Hello!

In the data.world website I have found 2 data sets containing the information on smartphones sold in India.

I will use all the knowledge that has been developed so far to understand these data and obtain ideas from it.

Libraries

Loading tidyverse:

library(tidyverse)

Loading data:

To load data in R, we use the read_csv function:

# apples data on india
apple_sold_in_india <- read_csv("apple_products.csv")

# data over smartphones in the world
smartphones_sold <- read_csv("smartphone_category (1).csv")

Janitor package to clean data

Tidying data can be a lot more easy with the janitor package:

install.packages("janitor")

library(janitor)

#Check the columns before and after using the clean_names() function

Column names before using clean_names():

 [1] "Product Name"        "Product URL"         "Brand"              
 [4] "Sale Price"          "Mrp"                 "Discount Percentage"
 [7] "Number Of Ratings"   "Number Of Reviews"   "Upc"                
[10] "Star Rating"         "Ram"

Column names after it:

clean_apple_sold_in_india <- apple_sold_in_india %>%
  clean_names()

 [1] "product_name"        "product_url"         "brand"              
 [4] "sale_price"          "mrp"                 "discount_percentage"
 [7] "number_of_ratings"   "number_of_reviews"   "upc"                
[10] "star_rating"         "ram"                 "american_dolar"     
[13] "australian_dolar"

Now it’s following a pattern of low case words divided by “_”

Great!

Understanding the data

First of all, we should know the price variation between iPhones:

  ggplot(clean_apple_sold_in_india) +
    geom_histogram(aes(x = sale_price))

Values are in Rupi’s, then we will transform these data to build a new column with the values in american and australian dolar:

  clean_apple_sold_in_india <- clean_apple_sold_in_india %>%
  mutate(american_dolar = sale_price * 0.013, australian_dolar = sale_price * 0.018)

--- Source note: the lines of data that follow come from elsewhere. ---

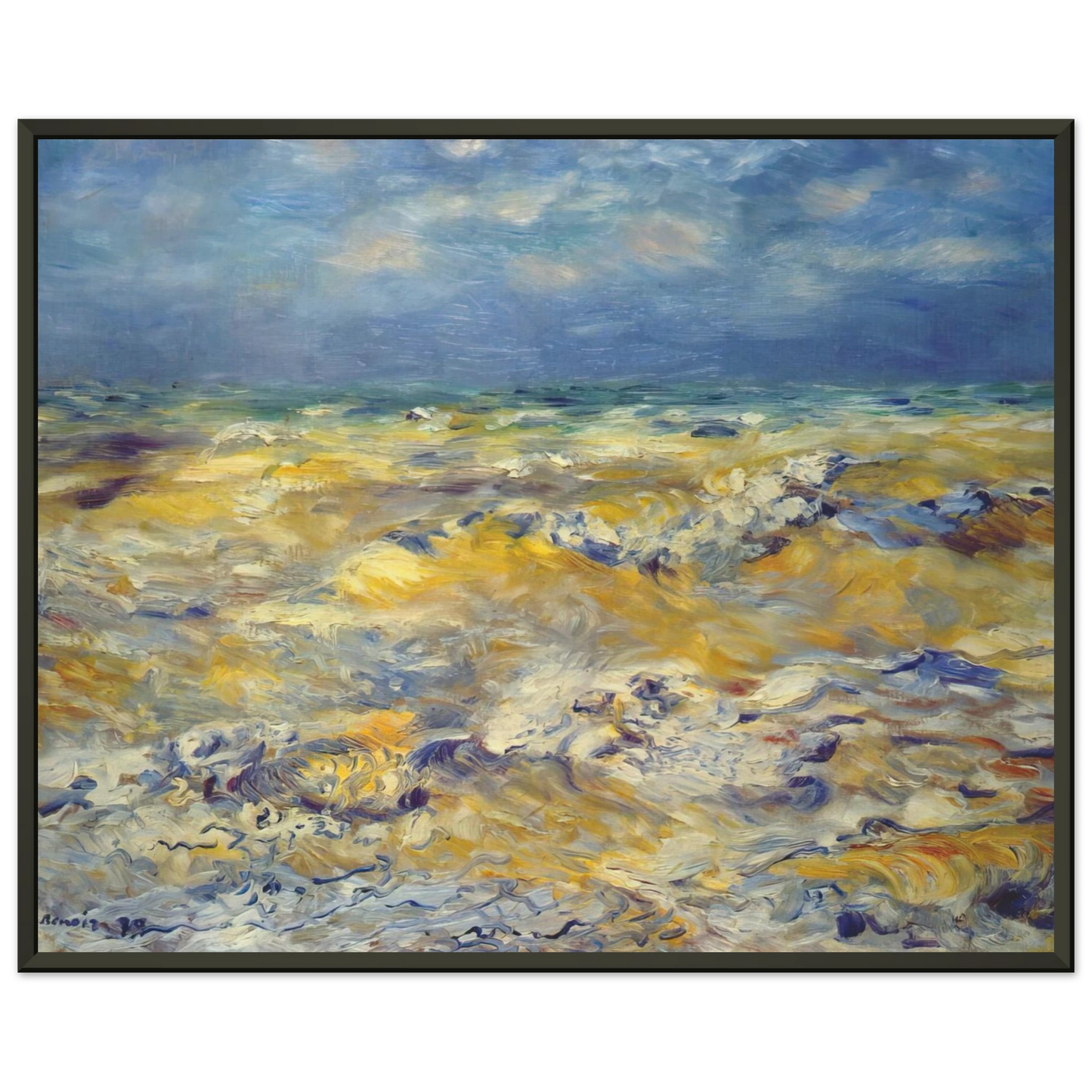 PierreAuguste Renoir  Seascape near berneval Framed Art Print  - Aluminum Frame - 40x50 cm / 16x20 inches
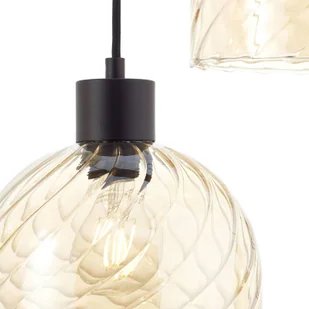 Brilliant Lampa wisząca Casto, długość 95 cm, bursztynowa, 6-punktowa, szkło - Lampy sufitowe - miniaturka - grafika 1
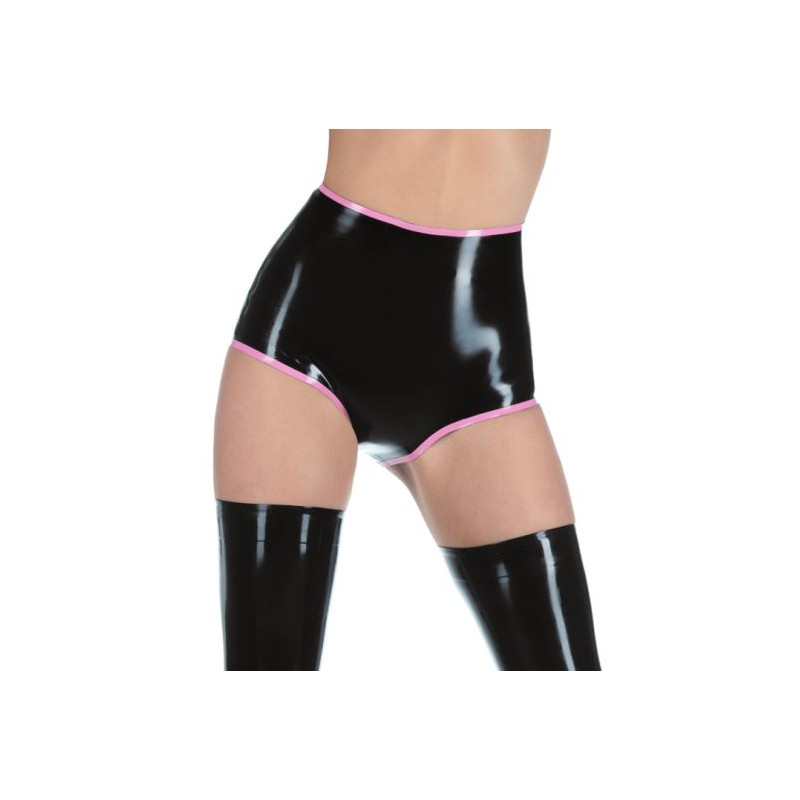 Latex-Shorts mit rosa Details fetisch BDSM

It seems like everything is great to begin, but it isn’t! This data has redundancy in it, you can notice that by grouping the ratings of each brand:

clean_apple_sold_in_india %>%
group_by(number_of_ratings) %>%
count() %>% arrange(desc(n)) -> redundancy_ratings

That is, the number of ratings is repeated in different models from the same product.

At first we have to work in this data set in a way to remove this redundancy, by doing so we will receive less biased answers from our data, that could lead us to very difficult tracks.

Removing redundancy

As said before, our data possesses redundancy, mainly because of the different models of iPhone.

We can group data by the sale_price and choose only the first with the slice() function:

  clean_apple_sold_in_india %>%
  group_by(sale_price) %>%
  slice(1) -> sale_price_first

Now we can plot the values of iPhones to understand it’s variation, let’s check which are the most expensive of them:

  sale_price_first %>%
  mutate(iphone = fct_reorder(product_name, australian_dolar)) %>%
  ggplot(aes(x = iphone, y = australian_dolar)) +
  geom_bar(stat = "identity", fill="#f68060", alpha=.6, width=.4) +
  coord_flip() +
  labs(
    #title = "",
    #subtitle = "by: Guilherme Bastos Gomes",
    caption = "Source: data.world",
    x = "",
    y = "Prices in australian dollars") +
  theme_bw()

Lollipop chart

We can also analise the data using a lollipop chart:

  sale_price_first %>%
  mutate(iphone = fct_reorder(product_name, australian_dolar)) %>%
  ggplot(aes(x = iphone, y = australian_dolar)) +
  geom_segment( aes(xend=iphone, yend=0)) +
  geom_point( size=4, color="0088cc") +
  coord_flip() +
  theme_bw() +
  labs(
    #title = "",
    #subtitle = "By: Guilherme Bastos Gomes",
    caption = "Source: data.world",
    x = "",
    y = "Prices in australian dollars")

What can we learn from this plot?

The most expensive iPhone (in australian dollars in India) is the iPhone 12 Pro, costingmore than 2500$.
The cheapest is the iPhone SE (64 GB) costing a bit more than 500$.
The price variation follows an expected patterns accoding to their models.
Which are the expensive groups, and which are the cheapest.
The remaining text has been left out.